To keep the heat off themselves due to the errors of others, leaders will have to make a choice. Take the heat for the statistically significant differences try to prove a negative (i.e. prove that they are not a racist due to their JOs qualification differences and rankings by race/ethnicity). Or, to avoid those hard questions, they will have to treat racial/ethnic groups throughout their career in the same manner they were treated at the beginning - take race into account.
We are a better country than this. The Navy of the 21st Century shouldn't discriminate against or for anyone on a basis of race, creed, color, or national origin - but we do.
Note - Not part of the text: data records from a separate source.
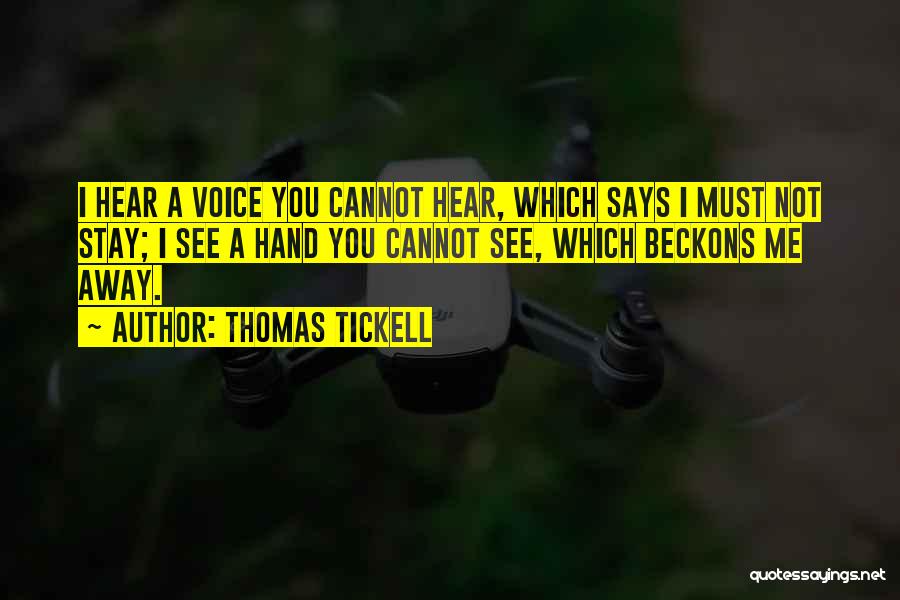 Thomas Tickell Quotes 377403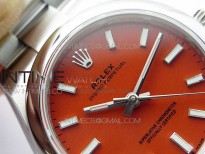 Oyster Perpetual 31mm 277200 EWF Best Edition Red Dial on SS Bracelet 6T15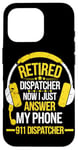 iPhone 16 Pro Retired Dispatcher Answer Phone 911 Dispatcher Emergency Case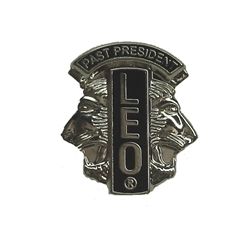 Leo Past President Button
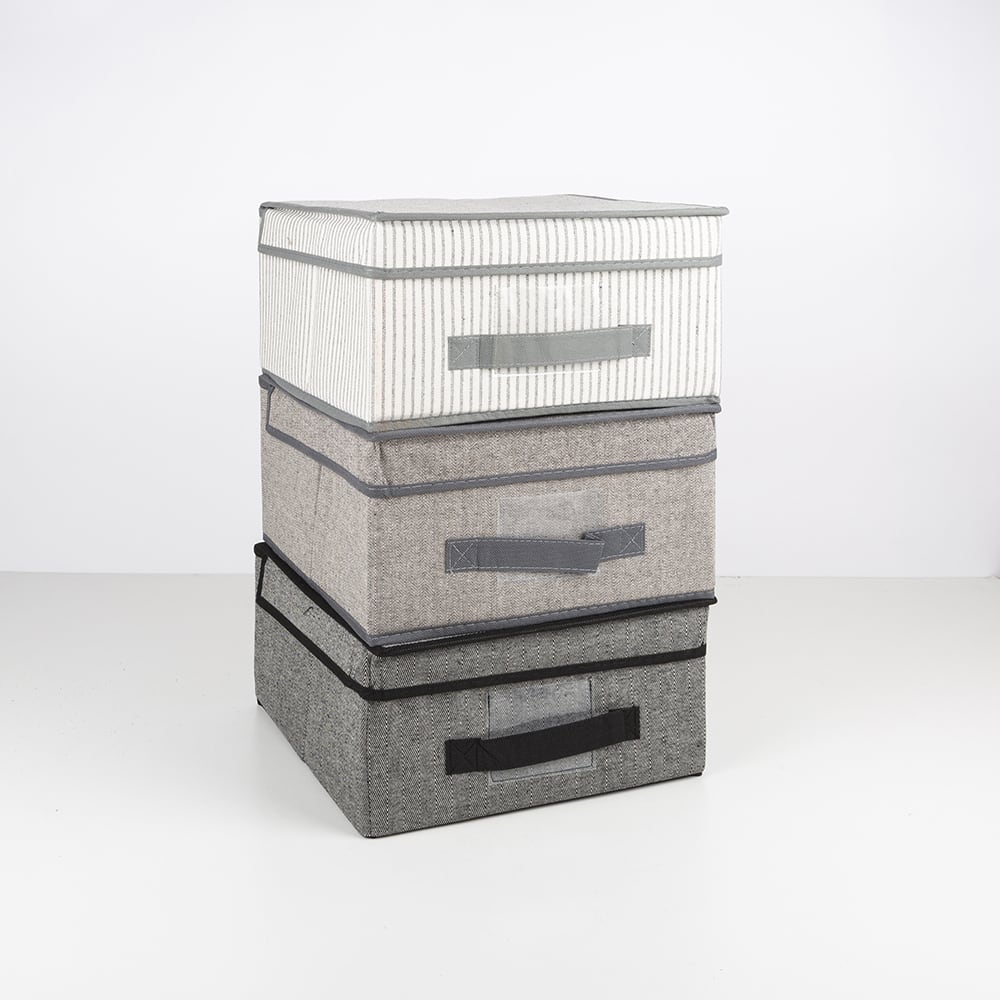 Caja de almacenaje 31x15x28cm en varios colores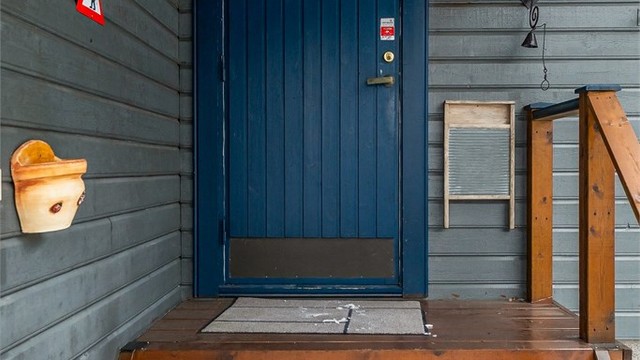 Overbygget inngangsparti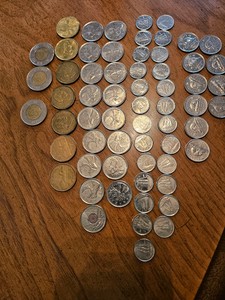 Canadian coins
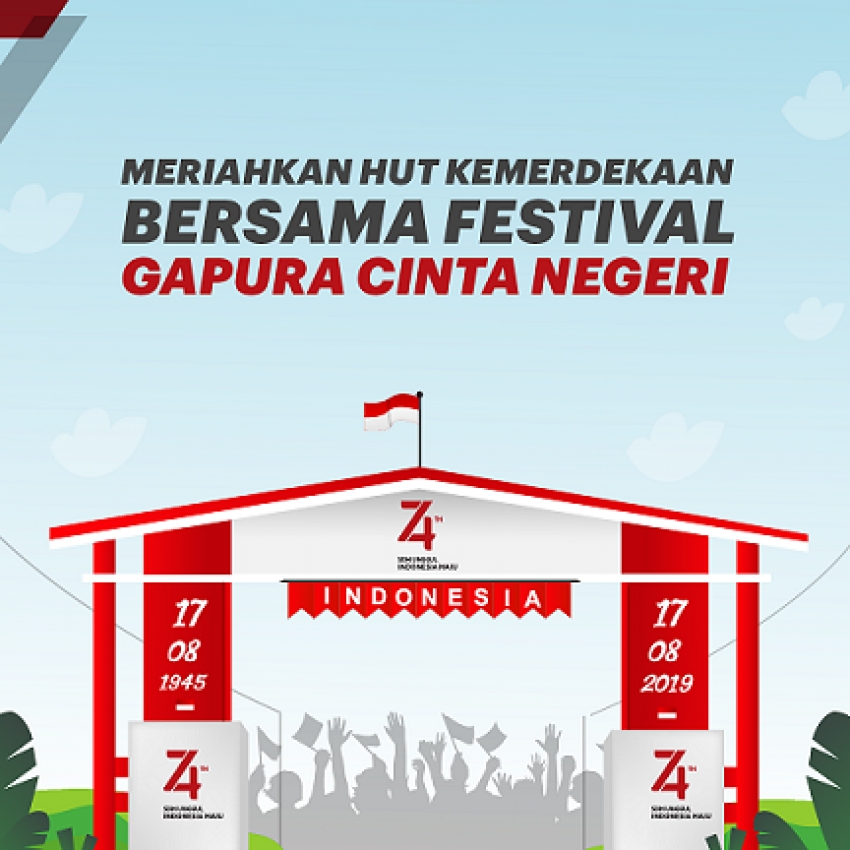 Ayo! Bangun Gapura Cinta Negeri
Would there still be minorities at Annapolis and the Navy's wardrooms if race was not considered? Of course, but they would be in lower numbers for some minorities - more in others. The reasons are described well by Ben Stein and others and are totally beyond the control of the Navy. If we treated everyone the same, then there wouldn't be a statistically significant difference in objective criteria or the performance on the other end by race/ethnicity. The Capital's numbers wouldn't mean anything.
Even better, those minorities who are at Annapolis and are equal to or better than the average won't have a cloud over their head of "did they get in because of their race, or did they earn it like I did." No one could bring that up because the facts would tell you different. Sadly for those exceptional men and women we are bringing in who are so qualified, that cloud is there. That is sad, that is abusive, that is unnecessary for a cohort born during the Clinton Administration.
We won't have the system of equality worthy of this nation - and worth of USNA - until we become adults, 21st Century adults, and decide that as a multi-ethnic, mixed race Republic based on equality - everyone must be treated equality. To get equality, you must demonstrate equality.
Navy - lead from the front. Right now, you're as retrograde as RM 222.